Among the IRS officials whose data was reportedly lost was Nikole Flax, chief of staff to Lerner's boss, then-deputy commissioner Steven Miller. Republicans have long claimed that the IRS was directed by the White House to specifically target organizations affiliated with the right-wing Tea Party movement in the run-up to the 2012 elections. The fact that Flax was a frequent visitor to the White House and the nearby Eisenhower Executive Office Building had Camp and Boustany all but asserting the existence of a conspiracy.

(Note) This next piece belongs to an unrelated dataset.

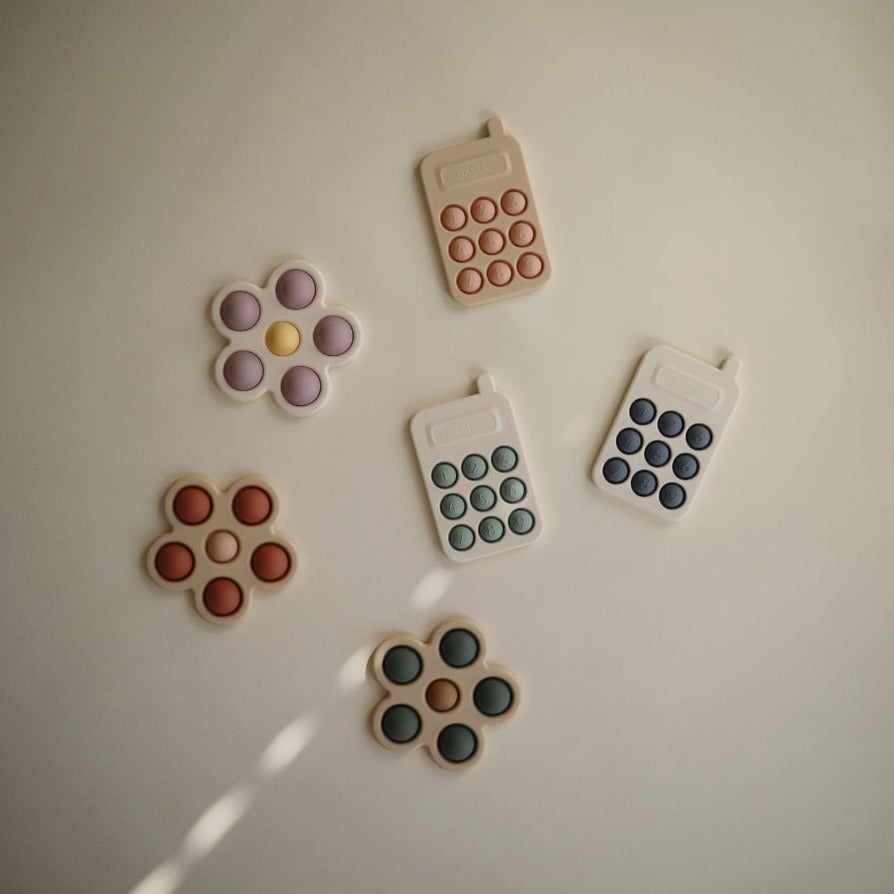 Mushie Press Toys Handy/Blume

“It looks like the American people were lied to and the IRS tried to cover-up the fact it conveniently lost key documents in this investigation,” the lawmakers said. “The White House promised full cooperation, [IRS Commissioner John A. Koskinen] promised full access to Lois Lerner emails and now the Agency claims it cannot produce those materials and they’ve known for months they couldn’t do this.”
On Monday, Camp’s committee sent requests to the White House, the Treasury Department, the Department of Justice, the Environmental Protection Agency, the Federal Election Commission, and the Occupational Safety & Health Administration asking for any emails to and from Lerner that they have in their computer systems.

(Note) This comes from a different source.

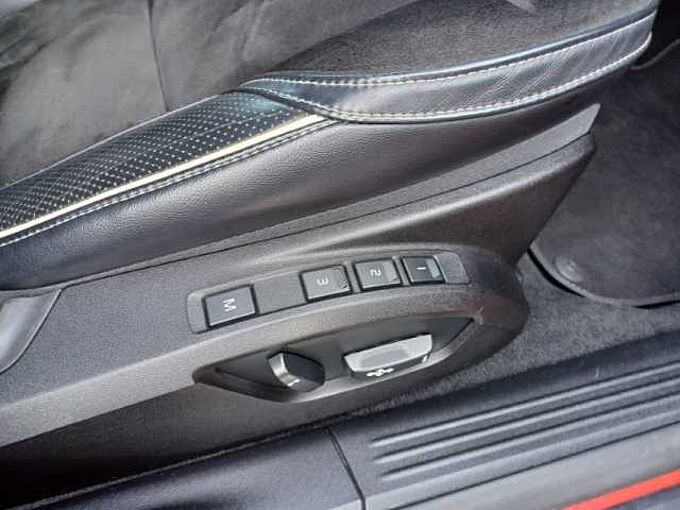 Volvo V40 T2 R-Design Manual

The committee also announced that Koskinen would testify before the ways and Means Committee in a June 20 hearing.
Apart from the fact that the missing emails are hampering a congressional investigation, the admissions by the IRS have created another potential scandal: the agency’s approach to records preservation.
The fact that a single computer crash could effectively eliminate emails that ought to be preserved as part of the federal record has, to put it mildly, surprised information technology experts up to and including the National Archives and Records Administration. On Monday, NARA told The Fiscal Times that it was “concerned” about the agency’s compliance with federal data preservation requirements and that its Chief Records Officer was looking into the problem.
According to documents provided by the IRS, during the time period Congress is investigating, the agency only saved emails for six months before it recycled backup tapes, effectively destroying older material. Additionally, the IRS reported, it is left up to individual employees to determine whether their emails need to be preserved as part of the official record.
Unless an employee affirmatively elects to save an email, the agency will eventually delete it as part of the backup tape recycling process. Surprisingly, even when an employee identifies an email as one that ought to be retained, the only electronic copy is retained on his or her own computer – meaning that should it crash, the record would be destroyed. Emails identified as part of the official record by employees must be printed out and filed, according to IRS procedure. However, the agency has declined to answer questions about that process.
On Tuesday morning, The Fiscal Times first contacted the IRS and asked the agency to respond to lawmakers’ complaints. Despite multiple requests throughout the day, the agency had not responded when this story was posted.
Even House Democrats, who have been consistently on-message with the claim that there is no real evidence of wrongdoing at the IRS, seemed to struggle to mount a defense of the agency’s latest claim. Rep. Sandy Levin, ranking member of Ways and Means, could muster only this defense: “It is unfortunate that the IRS experienced equipment failure that resulted in several computers crashing and some email data being lost from Lois Lerner’s hard drive between 2009 and 2011. But every equipment failure is not a conspiracy.”